(Available data)
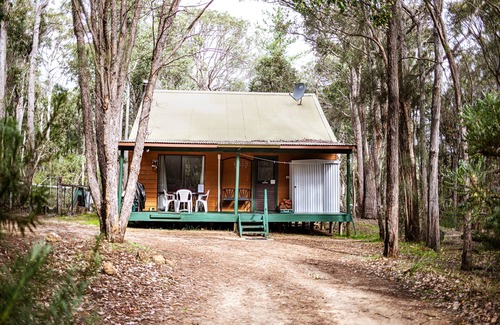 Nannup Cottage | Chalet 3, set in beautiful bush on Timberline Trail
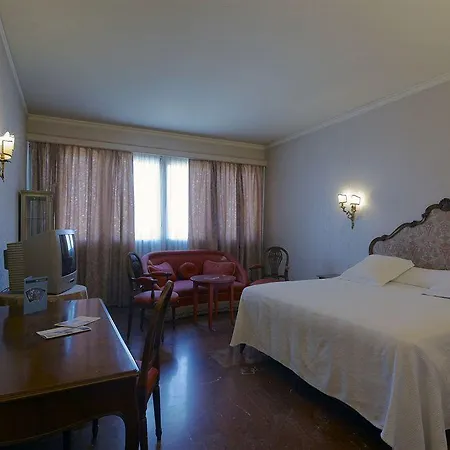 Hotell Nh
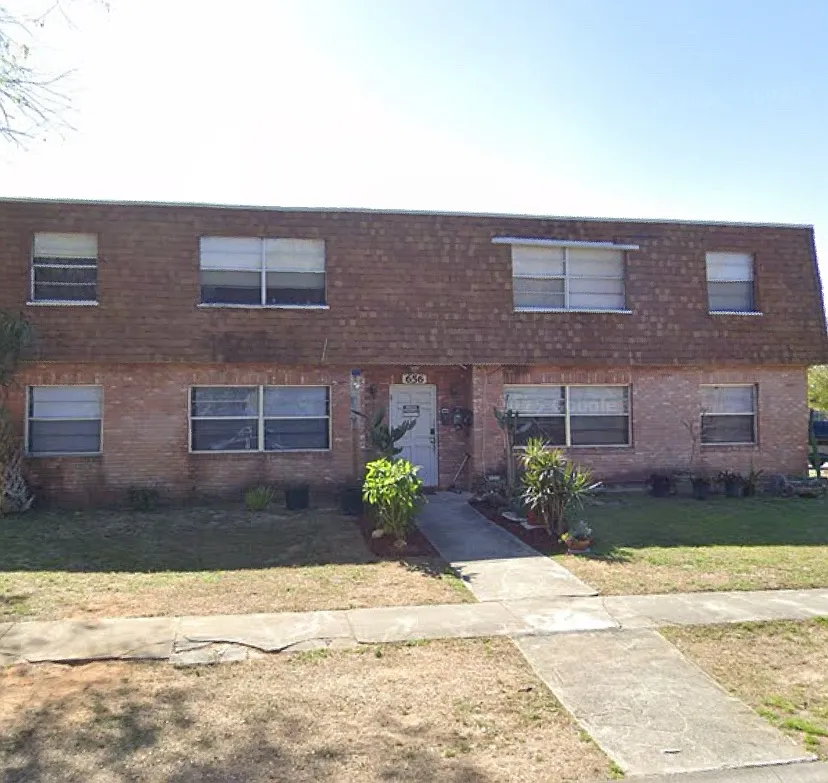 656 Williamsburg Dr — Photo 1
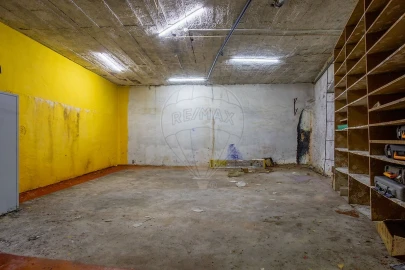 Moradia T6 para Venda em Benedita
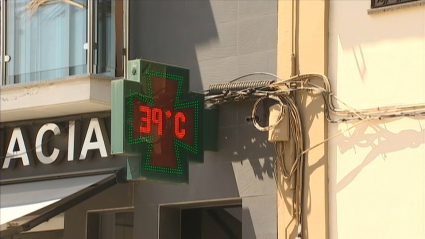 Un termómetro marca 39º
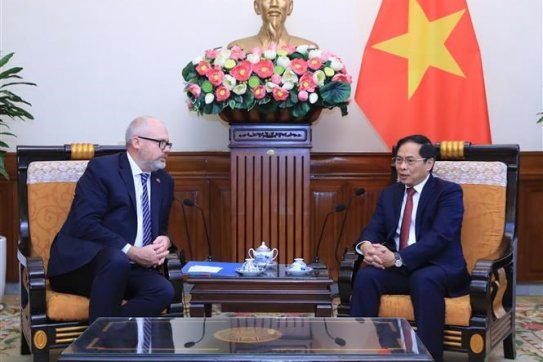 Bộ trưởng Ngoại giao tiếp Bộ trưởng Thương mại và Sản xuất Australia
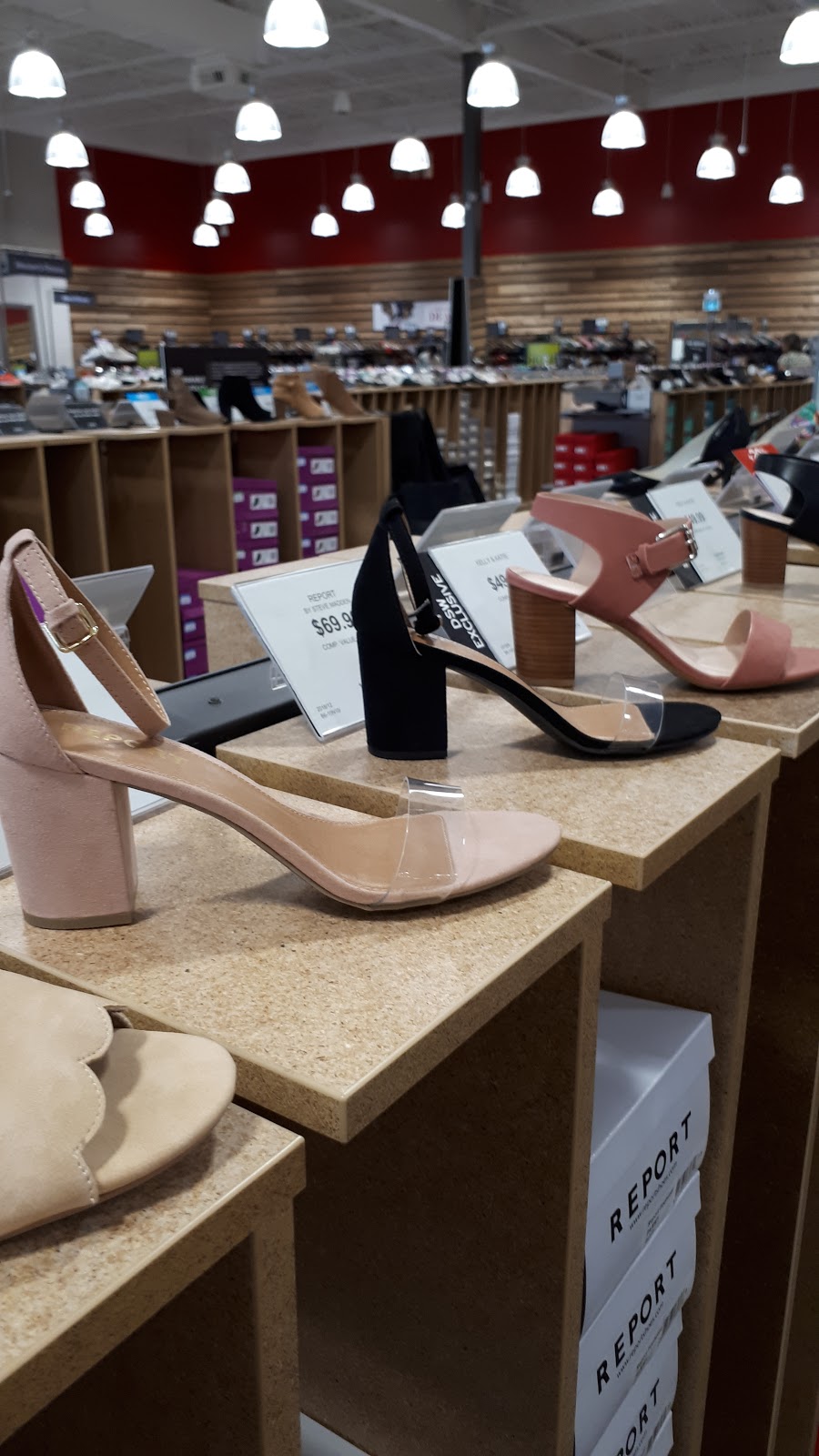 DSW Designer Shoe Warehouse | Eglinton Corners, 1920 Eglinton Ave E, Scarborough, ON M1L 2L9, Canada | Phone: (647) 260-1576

...

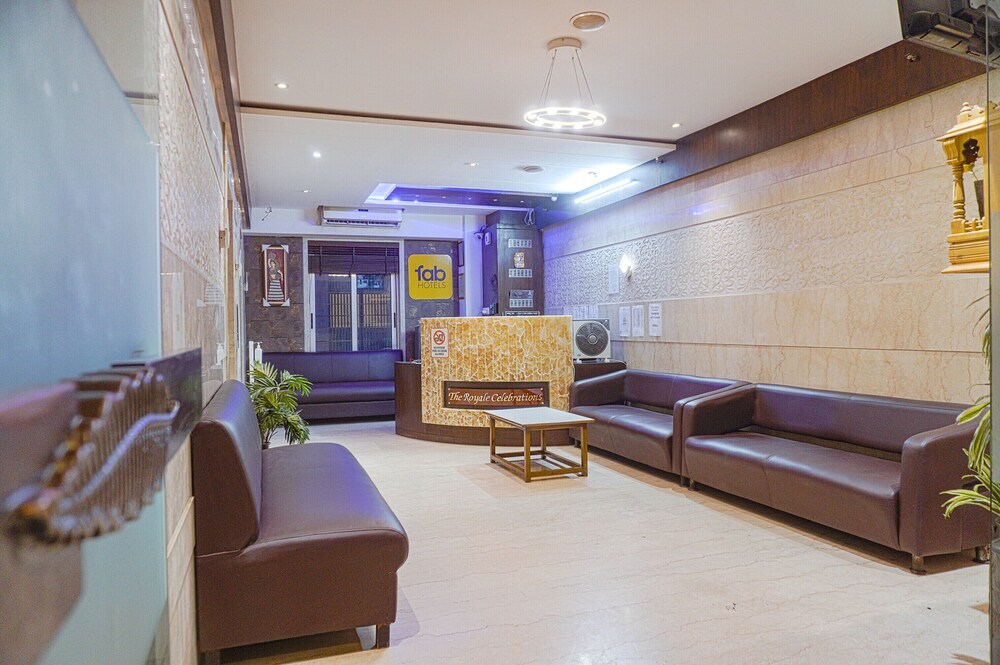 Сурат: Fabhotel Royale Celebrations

(Task to complete)
Would you output the lines above from the line holding "Moradia T6 para Venda em Benedita" up to and including the line holding "DSW Designer Shoe", exactly and only those, with no pictures?

(Output below)
 Moradia T6 para Venda em Benedita
 Un termómetro marca 39º
 Bộ trưởng Ngoại giao tiếp Bộ trưởng Thương mại và Sản xuất Australia
 DSW Designer Shoe Warehouse | Eglinton Corners, 1920 Eglinton Ave E, Scarborough, ON M1L 2L9, Canada | Phone: (647) 260-1576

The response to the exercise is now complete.